After preparing the pork tenderloin with cachaça, I ended up with some pineapple leftover, since I didn’t use all that I had bought. The pineapples I were used to when growing up were really sweet and great to be had by itself, but around the Pacific Northwest they tend to be more to the sour side and are best used in recipes or salads. But while shopping at a supermarket, I remembered one situation where I was at a juice bar a few years ago. The person in front of me was having something light-green, which definitely didn’t look very enticing. The person behind the counter, probably noticing my puzzled look, offered me a sample.
After knowing the ingredients (pineapple, ginger, spinach, frozen yogurt), I was even more intrigued, but when I tried it it turned out to taste really great, so every once in a while I prepare it again at home, and everyone who I’ve offered it to had the same reactions: puzzlement, surprise.
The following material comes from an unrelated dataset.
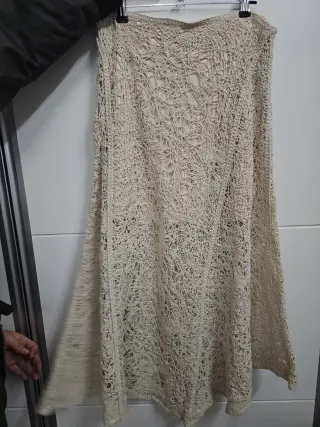 Falda crochet beige M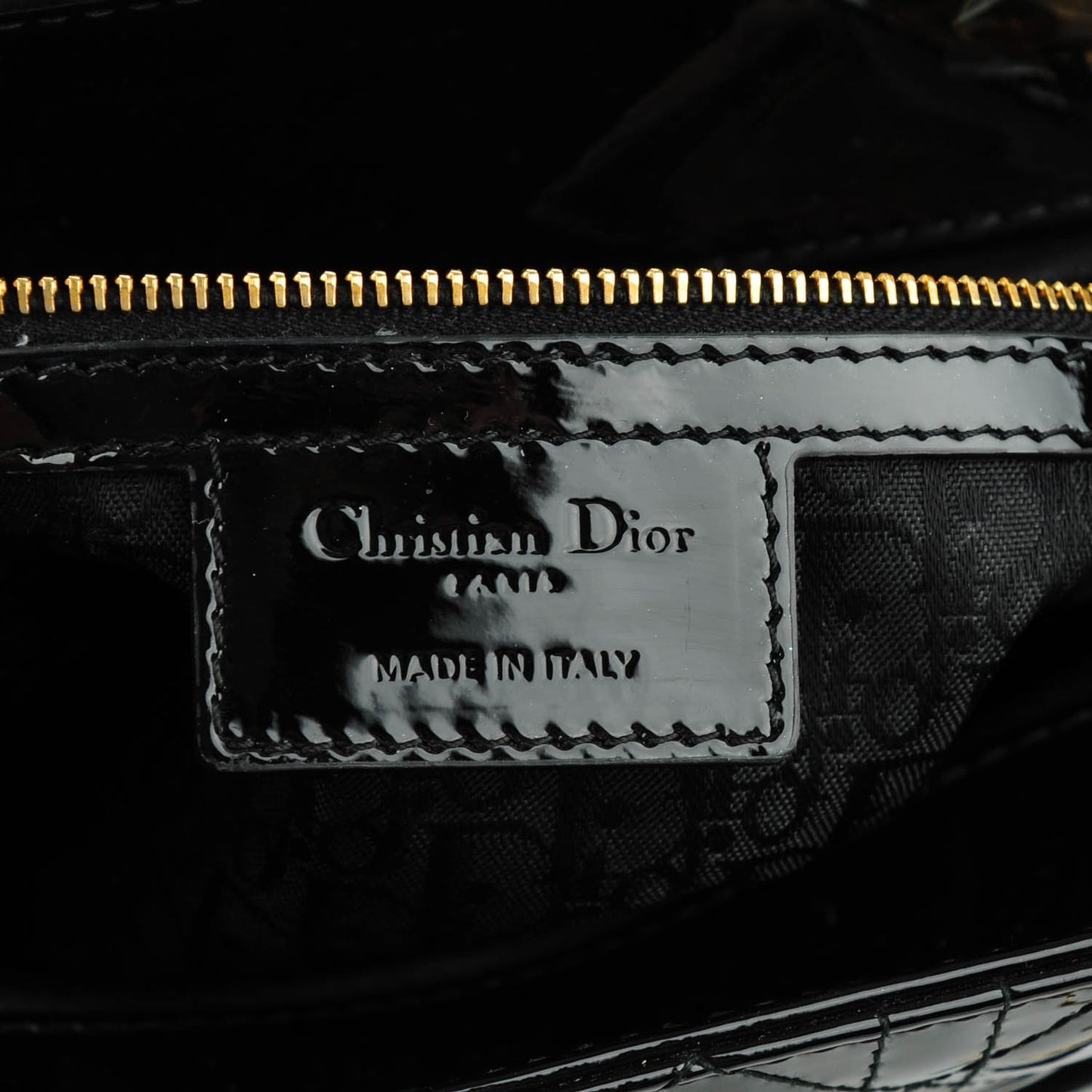 Patent Cannage Large Lady Dior Black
Ingredients (for 2 people):
- 1”-long ginger root piece, peeled, sliced in small pieces (my blender isn’t too powerful, so cutting it that way helps preventing the fibers from getting in the juice)
- 1 cup spinach leaves
- 1/2 pint vanilla frozen yogurt
- 1/2 cup pineapple, cubed
Blend well all of the ingredients. If your blender (like mine) can’t get the job done at first, you can help it by adding some water or milk, only enough to get it to blend. You may want to strain it to get some of the (small) fibers of the ginger out, but if it was sliced small enough it shouldn’t be an issue).